I was given this series:
Let $q \in \mathbb{C}, \mid q\mid <1. $
$$\frac{1}{2}\sum_{n=0}^{\infty} (n^2 +3n +2)q^n $$
Now I have to show that
$$\frac{1}{(1-q)^3}=\frac{1}{2}\sum_{n=0}^{\infty} (n^2 +3n +2)q^n$$
and proof whether or not this series converges absolutely.
For the convergence I guess I have to use one of the many convergence criteria and for the equality I have no clue how to even start.

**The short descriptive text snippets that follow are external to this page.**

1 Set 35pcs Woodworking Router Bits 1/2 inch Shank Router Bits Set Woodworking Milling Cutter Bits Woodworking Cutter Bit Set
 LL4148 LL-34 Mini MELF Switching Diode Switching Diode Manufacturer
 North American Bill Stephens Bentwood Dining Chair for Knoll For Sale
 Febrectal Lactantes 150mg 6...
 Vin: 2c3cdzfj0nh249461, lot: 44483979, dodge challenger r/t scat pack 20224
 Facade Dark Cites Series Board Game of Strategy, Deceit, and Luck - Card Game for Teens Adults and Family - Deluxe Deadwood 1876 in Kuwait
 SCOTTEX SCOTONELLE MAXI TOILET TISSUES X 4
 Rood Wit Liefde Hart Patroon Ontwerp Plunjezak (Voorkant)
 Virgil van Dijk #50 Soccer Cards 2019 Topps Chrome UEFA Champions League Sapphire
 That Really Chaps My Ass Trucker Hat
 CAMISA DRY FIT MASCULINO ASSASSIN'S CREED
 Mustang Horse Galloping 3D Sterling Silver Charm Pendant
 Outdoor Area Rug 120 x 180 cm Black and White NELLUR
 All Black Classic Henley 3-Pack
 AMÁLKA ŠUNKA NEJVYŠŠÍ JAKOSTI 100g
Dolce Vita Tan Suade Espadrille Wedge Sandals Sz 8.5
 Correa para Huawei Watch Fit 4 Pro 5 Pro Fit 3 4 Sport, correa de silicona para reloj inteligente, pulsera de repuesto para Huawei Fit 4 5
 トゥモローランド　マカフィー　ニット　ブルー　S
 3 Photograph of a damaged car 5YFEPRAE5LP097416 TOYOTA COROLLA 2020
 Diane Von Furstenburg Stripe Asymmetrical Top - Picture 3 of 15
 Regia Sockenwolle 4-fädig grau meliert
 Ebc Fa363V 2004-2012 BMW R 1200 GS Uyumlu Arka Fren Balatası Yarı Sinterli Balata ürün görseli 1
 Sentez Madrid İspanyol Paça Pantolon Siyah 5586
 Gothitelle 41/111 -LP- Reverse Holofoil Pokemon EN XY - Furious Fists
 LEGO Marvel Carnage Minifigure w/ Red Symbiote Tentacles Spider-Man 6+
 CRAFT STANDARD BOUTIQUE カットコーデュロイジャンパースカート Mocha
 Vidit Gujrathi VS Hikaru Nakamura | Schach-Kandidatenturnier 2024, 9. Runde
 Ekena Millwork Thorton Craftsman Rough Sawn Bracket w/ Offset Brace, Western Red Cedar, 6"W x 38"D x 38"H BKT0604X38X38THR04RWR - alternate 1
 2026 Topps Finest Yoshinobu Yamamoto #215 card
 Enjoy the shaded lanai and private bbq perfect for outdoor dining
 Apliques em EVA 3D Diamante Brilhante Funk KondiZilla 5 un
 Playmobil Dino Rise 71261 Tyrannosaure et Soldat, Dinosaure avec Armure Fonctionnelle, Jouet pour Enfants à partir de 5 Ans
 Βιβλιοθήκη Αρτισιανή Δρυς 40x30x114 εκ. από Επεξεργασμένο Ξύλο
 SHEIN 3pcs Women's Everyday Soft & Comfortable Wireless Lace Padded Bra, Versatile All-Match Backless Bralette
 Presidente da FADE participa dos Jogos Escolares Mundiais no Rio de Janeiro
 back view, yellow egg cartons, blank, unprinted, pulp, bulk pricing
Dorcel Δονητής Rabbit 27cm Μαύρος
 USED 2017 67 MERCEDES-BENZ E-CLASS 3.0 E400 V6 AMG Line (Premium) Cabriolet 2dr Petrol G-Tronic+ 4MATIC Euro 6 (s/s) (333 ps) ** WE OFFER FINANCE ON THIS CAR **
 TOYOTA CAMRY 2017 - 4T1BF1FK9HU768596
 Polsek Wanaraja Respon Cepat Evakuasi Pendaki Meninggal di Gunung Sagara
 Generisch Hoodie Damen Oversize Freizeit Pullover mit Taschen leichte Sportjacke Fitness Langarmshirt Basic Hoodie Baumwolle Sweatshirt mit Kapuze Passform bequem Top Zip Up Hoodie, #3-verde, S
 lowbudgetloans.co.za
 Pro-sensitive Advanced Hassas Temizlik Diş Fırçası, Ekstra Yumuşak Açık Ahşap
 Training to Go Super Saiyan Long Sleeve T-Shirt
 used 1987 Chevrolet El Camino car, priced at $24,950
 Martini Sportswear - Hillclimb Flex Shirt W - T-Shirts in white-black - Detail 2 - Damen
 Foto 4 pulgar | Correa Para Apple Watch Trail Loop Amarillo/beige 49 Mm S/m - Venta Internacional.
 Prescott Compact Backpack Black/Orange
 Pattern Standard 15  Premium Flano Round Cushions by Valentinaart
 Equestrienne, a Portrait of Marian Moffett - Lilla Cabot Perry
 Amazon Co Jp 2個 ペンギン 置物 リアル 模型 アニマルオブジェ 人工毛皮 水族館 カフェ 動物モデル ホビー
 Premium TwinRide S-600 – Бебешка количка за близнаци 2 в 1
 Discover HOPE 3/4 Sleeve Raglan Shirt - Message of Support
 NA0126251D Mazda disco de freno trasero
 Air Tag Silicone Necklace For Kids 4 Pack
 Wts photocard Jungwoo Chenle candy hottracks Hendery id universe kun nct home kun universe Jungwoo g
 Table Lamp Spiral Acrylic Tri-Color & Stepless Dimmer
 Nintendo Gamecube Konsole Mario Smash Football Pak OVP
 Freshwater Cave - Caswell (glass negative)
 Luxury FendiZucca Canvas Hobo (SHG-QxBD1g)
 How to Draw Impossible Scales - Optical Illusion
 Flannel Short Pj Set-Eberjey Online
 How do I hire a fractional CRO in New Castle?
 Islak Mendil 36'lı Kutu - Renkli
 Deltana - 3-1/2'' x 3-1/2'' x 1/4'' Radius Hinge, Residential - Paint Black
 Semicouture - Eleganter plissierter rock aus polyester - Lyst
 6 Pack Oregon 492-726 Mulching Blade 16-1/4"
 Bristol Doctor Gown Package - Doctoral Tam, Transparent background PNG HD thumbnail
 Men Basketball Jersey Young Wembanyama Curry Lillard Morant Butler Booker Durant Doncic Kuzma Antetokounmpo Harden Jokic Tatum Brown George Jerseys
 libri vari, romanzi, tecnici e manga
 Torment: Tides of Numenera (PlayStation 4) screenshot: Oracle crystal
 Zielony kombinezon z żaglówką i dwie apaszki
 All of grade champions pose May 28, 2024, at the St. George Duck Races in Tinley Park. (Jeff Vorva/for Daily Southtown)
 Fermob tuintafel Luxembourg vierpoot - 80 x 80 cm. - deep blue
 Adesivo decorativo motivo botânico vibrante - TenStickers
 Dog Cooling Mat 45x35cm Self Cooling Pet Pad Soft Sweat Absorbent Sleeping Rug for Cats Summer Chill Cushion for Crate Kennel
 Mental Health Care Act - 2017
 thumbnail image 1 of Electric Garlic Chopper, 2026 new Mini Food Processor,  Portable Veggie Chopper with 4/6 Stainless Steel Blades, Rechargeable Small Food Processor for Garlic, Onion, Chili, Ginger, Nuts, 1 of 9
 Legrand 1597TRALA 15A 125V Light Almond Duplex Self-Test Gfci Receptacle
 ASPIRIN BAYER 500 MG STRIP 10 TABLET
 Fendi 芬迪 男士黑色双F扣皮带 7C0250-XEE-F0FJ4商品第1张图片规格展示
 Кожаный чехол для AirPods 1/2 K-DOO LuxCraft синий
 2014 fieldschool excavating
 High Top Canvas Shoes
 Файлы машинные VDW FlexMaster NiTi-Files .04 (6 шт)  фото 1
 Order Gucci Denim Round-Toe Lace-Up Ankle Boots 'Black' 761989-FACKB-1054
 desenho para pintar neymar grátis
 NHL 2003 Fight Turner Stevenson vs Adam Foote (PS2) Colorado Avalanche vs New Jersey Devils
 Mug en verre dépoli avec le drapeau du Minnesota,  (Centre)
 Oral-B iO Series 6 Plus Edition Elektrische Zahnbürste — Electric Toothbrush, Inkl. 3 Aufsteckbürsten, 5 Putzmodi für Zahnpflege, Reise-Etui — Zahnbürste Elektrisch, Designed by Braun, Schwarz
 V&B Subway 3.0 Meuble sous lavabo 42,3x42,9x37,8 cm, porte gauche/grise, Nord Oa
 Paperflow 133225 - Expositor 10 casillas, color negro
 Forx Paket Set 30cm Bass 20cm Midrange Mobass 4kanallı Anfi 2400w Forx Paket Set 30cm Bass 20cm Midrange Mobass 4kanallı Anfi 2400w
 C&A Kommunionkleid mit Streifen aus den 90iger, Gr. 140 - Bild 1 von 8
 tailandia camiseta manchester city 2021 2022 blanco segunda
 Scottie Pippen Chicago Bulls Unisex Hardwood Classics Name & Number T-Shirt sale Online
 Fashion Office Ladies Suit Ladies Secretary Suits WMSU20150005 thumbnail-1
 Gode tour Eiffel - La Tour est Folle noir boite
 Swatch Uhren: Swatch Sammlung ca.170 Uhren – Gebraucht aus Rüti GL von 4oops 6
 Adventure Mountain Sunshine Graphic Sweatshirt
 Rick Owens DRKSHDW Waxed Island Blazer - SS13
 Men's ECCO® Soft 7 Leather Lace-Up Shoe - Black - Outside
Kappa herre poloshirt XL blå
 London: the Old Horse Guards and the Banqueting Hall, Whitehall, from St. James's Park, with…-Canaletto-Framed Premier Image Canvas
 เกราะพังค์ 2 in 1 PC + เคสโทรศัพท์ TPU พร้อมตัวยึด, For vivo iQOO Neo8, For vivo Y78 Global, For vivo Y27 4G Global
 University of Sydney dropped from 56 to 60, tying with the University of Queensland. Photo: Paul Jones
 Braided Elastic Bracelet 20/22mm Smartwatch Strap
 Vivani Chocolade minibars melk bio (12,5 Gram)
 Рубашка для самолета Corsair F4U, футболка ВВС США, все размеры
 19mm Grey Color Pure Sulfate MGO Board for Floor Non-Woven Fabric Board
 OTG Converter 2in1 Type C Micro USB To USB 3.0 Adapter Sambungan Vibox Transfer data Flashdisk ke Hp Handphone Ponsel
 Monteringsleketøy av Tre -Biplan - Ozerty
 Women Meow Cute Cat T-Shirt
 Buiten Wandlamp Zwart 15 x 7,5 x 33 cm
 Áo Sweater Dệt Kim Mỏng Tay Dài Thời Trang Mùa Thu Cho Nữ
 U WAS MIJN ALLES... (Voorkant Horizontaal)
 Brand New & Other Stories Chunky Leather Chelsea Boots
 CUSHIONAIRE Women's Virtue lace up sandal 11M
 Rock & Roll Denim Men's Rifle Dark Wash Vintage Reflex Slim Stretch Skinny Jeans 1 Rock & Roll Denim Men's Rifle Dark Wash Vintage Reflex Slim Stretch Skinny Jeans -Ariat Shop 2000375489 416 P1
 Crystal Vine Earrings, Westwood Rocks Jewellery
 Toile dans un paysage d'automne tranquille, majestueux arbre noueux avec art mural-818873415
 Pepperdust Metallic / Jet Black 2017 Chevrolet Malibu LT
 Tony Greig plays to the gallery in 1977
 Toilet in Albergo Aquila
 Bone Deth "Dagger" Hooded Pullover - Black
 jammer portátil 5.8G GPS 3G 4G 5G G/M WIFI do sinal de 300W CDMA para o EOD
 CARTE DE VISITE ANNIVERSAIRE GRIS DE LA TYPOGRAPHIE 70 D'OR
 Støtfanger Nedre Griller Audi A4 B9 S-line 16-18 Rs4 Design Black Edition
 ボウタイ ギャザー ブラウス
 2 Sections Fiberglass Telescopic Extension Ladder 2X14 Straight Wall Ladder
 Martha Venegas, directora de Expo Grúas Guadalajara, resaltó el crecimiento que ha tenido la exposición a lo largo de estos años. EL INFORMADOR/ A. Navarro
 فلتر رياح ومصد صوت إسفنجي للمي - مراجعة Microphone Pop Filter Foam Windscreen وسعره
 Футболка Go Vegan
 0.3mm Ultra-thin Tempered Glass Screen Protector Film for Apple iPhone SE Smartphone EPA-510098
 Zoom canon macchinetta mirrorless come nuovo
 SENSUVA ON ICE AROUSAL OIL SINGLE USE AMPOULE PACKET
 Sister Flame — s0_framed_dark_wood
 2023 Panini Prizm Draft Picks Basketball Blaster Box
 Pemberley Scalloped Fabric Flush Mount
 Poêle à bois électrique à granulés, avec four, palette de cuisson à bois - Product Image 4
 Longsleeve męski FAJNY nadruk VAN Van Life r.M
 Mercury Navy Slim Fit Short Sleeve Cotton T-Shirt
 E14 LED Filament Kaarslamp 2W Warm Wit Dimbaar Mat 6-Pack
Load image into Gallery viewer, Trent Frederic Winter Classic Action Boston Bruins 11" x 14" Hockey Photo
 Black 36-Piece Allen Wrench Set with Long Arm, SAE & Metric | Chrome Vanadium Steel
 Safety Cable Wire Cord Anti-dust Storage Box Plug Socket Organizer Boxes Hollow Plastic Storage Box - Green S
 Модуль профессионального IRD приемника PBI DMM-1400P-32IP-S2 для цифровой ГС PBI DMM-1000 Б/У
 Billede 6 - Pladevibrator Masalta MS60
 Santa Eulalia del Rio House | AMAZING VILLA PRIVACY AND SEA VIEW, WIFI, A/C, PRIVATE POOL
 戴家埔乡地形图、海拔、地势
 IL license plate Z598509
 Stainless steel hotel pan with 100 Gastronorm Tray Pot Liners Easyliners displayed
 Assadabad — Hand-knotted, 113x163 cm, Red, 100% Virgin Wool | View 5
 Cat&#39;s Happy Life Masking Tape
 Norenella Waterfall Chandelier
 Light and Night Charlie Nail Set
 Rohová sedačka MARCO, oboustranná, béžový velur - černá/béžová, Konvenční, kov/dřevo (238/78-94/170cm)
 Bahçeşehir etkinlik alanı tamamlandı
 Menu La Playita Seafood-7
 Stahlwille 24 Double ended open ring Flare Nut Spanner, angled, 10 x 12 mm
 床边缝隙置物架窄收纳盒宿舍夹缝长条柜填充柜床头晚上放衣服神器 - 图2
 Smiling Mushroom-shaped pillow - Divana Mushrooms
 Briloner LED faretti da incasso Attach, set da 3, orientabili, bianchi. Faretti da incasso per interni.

Since$$\frac1{1-q}=1+q+q^2+q^3+\cdots,$$you have, by the Cauchy product,$$\begin{align}\frac1{(1-q)^2}&=\frac1{1-q}\times\frac1{1-q}\\&=\left(1+q+q^2+q^3+\cdots\right)\times\left(1+q+q^2+q^3+\cdots\right)\\&=1+2q+3q^2+4q^3+\cdots\\&=\sum_{n=0}^\infty(n+1)q^n.\end{align}$$Now, in order to prove what you want to prove, apply the same idea to the equality$$\frac1{(1-q)^3}=\frac1{1-q}\times\frac1{(1-q)^2}$$and use the fact that$$(n+1)+n+(n-1)+\cdots+1=\frac{(n+1)(n+2)}2=\frac{n^2+3n+2}2.$$